Could you output exactly the lines running from the one containing "In meinem Tempo" to the final line of the listing below, leaving out pictures?

----- Data supplied -----

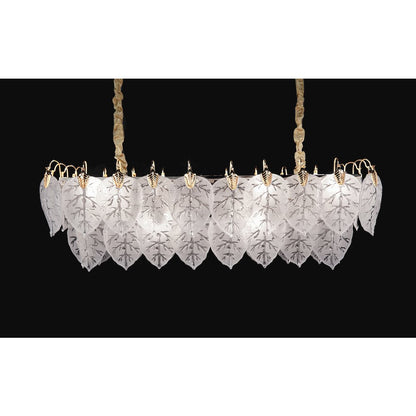 Autumn 12-Light Rectangular Chandelier - Frost/Gold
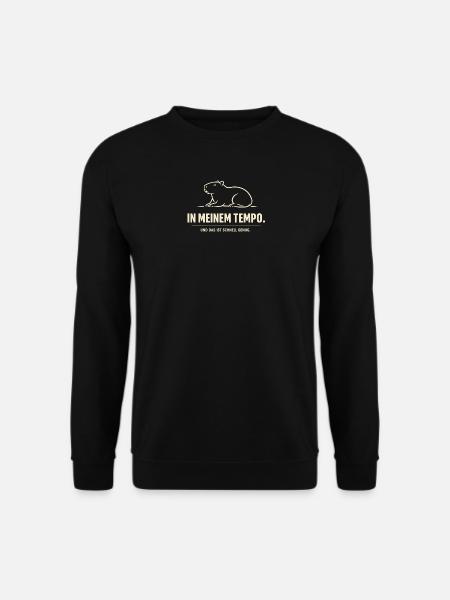 In meinem Tempo Biber Illustration - Unisex Pullover - Schwarz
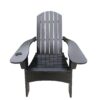 Outdoor Or Indoor Wood Adirondack Chair With An Hole To Hold Umbrella, On The Arm - Black - Image 2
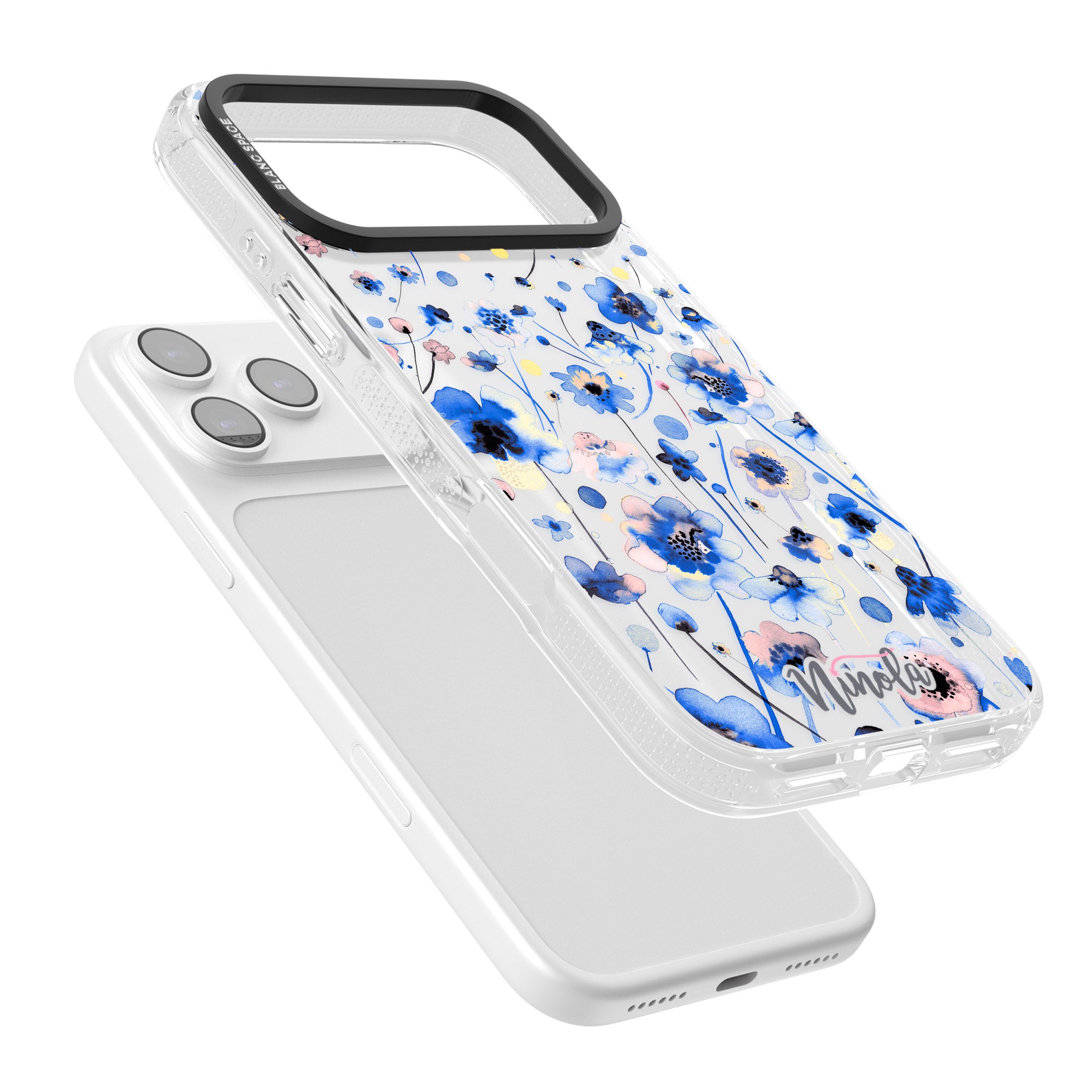 Ink Flowers Blue iPhone 17 Pro Impact Air Clear Phone Case Colours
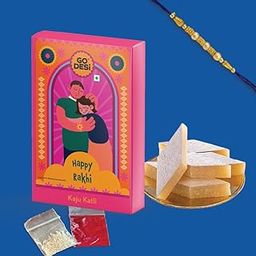 Kaju Katli 100 grams and Rakhi Combo by GO DESi, Indian Sweets Mithai, Rakhi Gift, Hamper-image-13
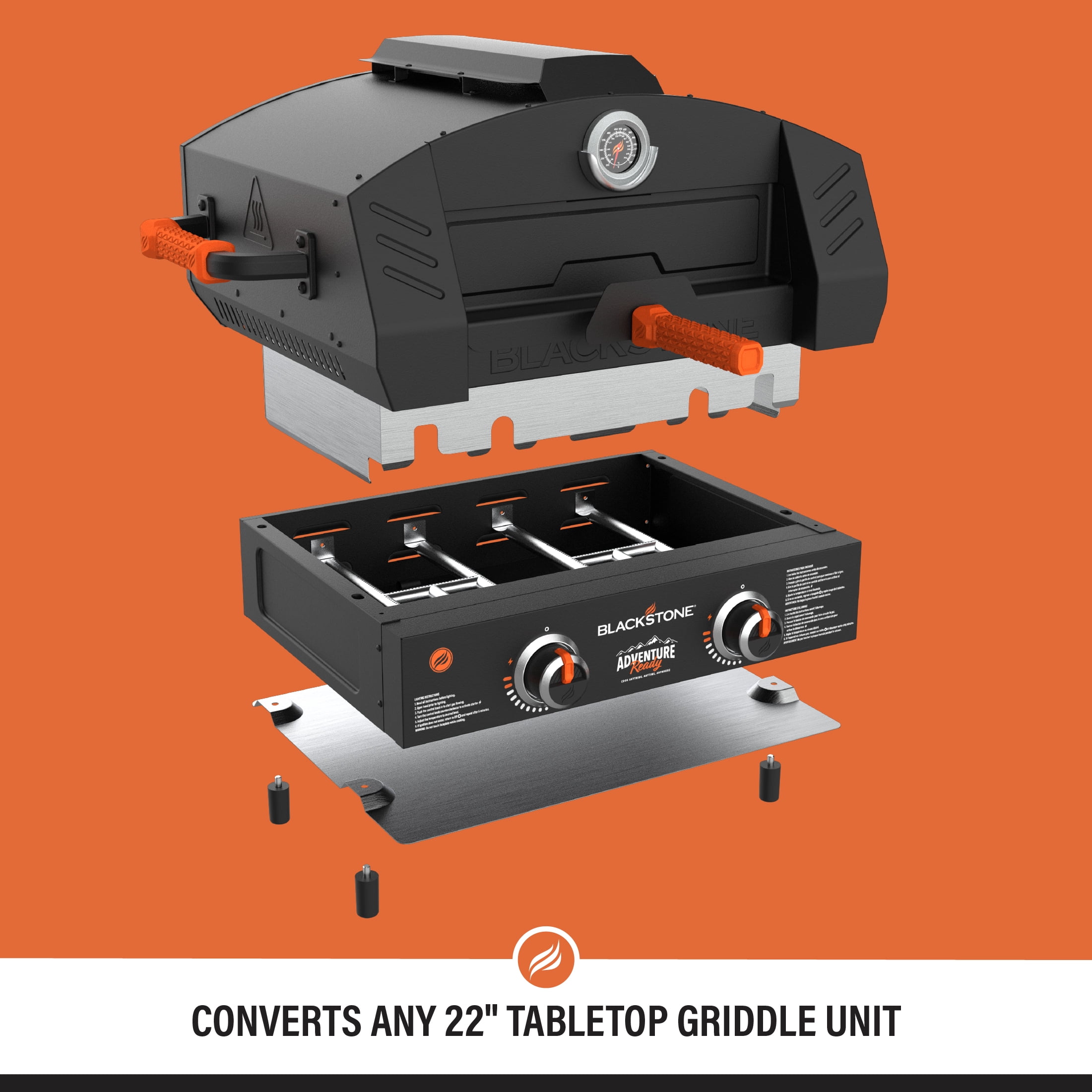 Blackstone Steel Outdoor Propane Pizza Oven Add on – Fits 22” Tabletop Models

-----

Solution to the problem:
 In meinem Tempo Biber Illustration - Unisex Pullover - Schwarz
 Outdoor Or Indoor Wood Adirondack Chair With An Hole To Hold Umbrella, On The Arm - Black - Image 2
 Ink Flowers Blue iPhone 17 Pro Impact Air Clear Phone Case Colours
 Kaju Katli 100 grams and Rakhi Combo by GO DESi, Indian Sweets Mithai, Rakhi Gift, Hamper-image-13
 Blackstone Steel Outdoor Propane Pizza Oven Add on – Fits 22” Tabletop Models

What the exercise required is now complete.